Regional polling also appears to show a slight advantage for Lula, though not enough to avoid a runoff. A series of IPEC surveys taken in each Brazilian state and published on Sunday showed Lula leading in 14 of Brazil’s states and federal divisions, compared to Bolsonaro leading in seven states and the candidates being in a statistical tie in five states. Two of the states that did not show a lead for either candidate are Rio de Janeiro, Bolsonaro’s home state, and the Brasilia federal district.

The Exame, IPEC, and Ipespe/Abrapel polls are mostly in line with how polling has gone throughout the past year. A fourth poll published Friday by the firm Brasmarket offered an outlier result: Bolsonaro received 44.9 percent of voter support, compared to 31 percent of respondents choosing Lula.

Bolsonaro and Lula will reportedly face off in a final debate on Thursday on the Brazilian Globo network. The encounter, if confirmed, is expected to be acrimonious, given the campaigning on both sides.

During campaign stops in August, Lula described Bolsonaro as being “possessed by the devil” and has referred to him as a “court jester,” declaring himself “the best president in the history of Brazil.”

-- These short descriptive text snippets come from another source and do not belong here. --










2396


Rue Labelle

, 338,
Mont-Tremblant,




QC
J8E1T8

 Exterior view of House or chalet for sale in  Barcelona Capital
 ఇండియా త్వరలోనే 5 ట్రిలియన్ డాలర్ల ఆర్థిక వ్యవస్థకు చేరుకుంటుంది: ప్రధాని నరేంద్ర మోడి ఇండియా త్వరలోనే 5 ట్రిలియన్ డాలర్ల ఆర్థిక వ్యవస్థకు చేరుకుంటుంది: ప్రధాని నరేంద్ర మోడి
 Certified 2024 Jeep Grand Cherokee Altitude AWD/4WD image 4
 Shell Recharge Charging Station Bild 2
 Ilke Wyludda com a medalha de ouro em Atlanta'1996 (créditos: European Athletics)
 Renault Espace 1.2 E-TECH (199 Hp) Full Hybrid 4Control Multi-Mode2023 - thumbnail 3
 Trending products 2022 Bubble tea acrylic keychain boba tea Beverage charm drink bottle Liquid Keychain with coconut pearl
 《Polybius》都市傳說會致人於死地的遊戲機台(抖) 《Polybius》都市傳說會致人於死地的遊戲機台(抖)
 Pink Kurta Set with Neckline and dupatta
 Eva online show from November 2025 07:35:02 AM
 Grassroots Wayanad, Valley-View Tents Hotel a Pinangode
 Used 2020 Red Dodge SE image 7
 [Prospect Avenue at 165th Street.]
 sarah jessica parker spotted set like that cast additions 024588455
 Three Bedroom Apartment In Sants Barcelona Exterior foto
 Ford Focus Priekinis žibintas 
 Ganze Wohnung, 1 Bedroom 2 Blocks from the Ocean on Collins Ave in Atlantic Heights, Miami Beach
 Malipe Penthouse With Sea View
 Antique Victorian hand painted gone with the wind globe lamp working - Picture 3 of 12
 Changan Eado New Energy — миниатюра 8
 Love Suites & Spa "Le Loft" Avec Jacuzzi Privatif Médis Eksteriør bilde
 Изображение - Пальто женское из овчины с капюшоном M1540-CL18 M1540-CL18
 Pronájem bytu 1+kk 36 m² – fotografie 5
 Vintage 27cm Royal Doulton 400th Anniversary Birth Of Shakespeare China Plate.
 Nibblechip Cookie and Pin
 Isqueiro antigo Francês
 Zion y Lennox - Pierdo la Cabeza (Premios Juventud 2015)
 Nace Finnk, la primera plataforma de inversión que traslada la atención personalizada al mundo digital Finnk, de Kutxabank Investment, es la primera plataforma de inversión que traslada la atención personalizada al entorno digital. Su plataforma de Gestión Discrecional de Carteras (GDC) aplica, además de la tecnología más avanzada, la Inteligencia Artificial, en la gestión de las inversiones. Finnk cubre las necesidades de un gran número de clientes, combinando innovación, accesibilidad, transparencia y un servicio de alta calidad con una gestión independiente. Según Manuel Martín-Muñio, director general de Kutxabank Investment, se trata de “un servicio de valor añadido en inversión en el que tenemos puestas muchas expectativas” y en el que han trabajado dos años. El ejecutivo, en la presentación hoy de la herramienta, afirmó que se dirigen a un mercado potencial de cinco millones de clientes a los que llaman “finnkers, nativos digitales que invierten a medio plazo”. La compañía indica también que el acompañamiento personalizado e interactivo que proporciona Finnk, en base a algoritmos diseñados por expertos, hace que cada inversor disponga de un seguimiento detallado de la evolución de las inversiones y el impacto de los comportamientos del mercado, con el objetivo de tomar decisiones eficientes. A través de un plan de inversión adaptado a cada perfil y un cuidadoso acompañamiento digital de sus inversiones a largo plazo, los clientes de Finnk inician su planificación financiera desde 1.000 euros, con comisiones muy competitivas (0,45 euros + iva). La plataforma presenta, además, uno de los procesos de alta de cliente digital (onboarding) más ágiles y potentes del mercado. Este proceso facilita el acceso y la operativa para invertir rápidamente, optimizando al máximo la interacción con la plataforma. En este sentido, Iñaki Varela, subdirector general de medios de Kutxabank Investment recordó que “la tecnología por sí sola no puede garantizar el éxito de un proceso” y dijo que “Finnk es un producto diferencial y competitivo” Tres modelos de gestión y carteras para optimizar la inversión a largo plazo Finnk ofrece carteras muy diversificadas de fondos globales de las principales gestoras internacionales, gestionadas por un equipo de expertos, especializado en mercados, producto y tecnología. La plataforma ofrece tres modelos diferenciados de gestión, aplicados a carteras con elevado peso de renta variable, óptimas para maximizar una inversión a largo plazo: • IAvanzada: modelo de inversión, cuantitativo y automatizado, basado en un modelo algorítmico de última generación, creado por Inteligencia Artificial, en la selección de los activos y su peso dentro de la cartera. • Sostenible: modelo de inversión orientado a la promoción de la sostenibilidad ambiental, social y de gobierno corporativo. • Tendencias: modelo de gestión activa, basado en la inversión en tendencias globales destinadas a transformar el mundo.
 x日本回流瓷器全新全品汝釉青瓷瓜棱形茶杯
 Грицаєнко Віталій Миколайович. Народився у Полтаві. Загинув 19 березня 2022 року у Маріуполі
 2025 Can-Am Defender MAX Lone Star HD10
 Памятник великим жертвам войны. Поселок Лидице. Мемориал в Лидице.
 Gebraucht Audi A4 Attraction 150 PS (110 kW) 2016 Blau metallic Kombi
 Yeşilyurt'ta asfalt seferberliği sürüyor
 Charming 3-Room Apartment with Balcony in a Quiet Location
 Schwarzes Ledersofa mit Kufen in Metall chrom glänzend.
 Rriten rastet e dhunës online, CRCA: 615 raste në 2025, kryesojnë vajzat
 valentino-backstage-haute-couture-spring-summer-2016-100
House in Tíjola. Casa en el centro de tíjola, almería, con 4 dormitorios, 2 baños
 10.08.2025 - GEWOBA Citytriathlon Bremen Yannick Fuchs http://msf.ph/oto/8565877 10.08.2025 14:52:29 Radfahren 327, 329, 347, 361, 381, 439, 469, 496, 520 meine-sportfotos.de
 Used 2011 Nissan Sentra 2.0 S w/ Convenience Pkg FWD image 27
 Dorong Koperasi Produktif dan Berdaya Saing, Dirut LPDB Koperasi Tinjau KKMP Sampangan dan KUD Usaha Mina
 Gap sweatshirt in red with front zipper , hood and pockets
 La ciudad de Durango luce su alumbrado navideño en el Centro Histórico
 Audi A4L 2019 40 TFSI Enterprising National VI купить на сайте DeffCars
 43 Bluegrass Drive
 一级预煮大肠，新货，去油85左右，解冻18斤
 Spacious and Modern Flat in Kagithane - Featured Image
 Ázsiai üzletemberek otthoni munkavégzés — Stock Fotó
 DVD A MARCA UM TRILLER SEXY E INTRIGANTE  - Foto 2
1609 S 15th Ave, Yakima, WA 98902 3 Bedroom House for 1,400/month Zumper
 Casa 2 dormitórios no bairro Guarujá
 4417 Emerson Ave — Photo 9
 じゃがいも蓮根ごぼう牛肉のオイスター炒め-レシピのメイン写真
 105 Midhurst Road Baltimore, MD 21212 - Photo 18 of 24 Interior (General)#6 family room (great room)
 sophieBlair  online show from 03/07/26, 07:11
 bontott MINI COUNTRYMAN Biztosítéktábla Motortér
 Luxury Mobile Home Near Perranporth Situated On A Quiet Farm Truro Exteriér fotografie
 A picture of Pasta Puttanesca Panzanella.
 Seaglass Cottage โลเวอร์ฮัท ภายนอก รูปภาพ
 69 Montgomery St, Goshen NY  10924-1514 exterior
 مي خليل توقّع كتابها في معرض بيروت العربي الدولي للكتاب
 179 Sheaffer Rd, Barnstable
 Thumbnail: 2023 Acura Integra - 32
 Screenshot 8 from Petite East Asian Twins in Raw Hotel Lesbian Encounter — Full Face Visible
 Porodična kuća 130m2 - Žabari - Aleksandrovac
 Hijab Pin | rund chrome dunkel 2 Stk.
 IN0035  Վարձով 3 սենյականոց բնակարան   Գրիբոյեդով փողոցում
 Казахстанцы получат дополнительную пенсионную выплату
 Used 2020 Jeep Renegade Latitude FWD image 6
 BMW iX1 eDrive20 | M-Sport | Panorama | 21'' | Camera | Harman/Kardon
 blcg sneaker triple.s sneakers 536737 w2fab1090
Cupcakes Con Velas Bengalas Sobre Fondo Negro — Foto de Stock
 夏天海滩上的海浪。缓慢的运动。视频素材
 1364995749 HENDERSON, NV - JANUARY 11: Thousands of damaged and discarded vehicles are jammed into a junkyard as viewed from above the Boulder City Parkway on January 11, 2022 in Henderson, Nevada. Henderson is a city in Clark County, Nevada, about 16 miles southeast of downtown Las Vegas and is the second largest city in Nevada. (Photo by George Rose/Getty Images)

“The people have to go back to having a little kebab, eating a little steak, and drinking a little beer,” Lula promised in one interview.

Bolsonaro, in turn, has called Lula a “drunkard” and accused him of destroying the country via corruption.

“Brazil is a great nation, it is a great country, but until recently it was being robbed by the left that was in power,” Bolsonaro said during his presidential campaign launch last month. Brazil, he continued, “doesn’t want more corruption. Our country wants order and prosperity. Compare the four years of my government with the four that the other guy was president for.”

Police investigators in Curitiba, the capital of Paraná state, uncovered a corruption scheme now known as “Operation Car Wash” as part of an investigation that began in 2014. During Lula’s presidency, and that of successor Dilma Rousseff, dozens of politicians of nearly every political party were implicated in receiving kickbacks from private corporations in exchange for the officials granting them lucrative, overpriced government infrastructure contracts. The kickback funds came from taxpayers’ dollars that were incorrectly spent on overcharged projects. Lula’s arrest and conviction resulted from police tracing the funding he used to buy a luxury beachfront duplex to one such kickback.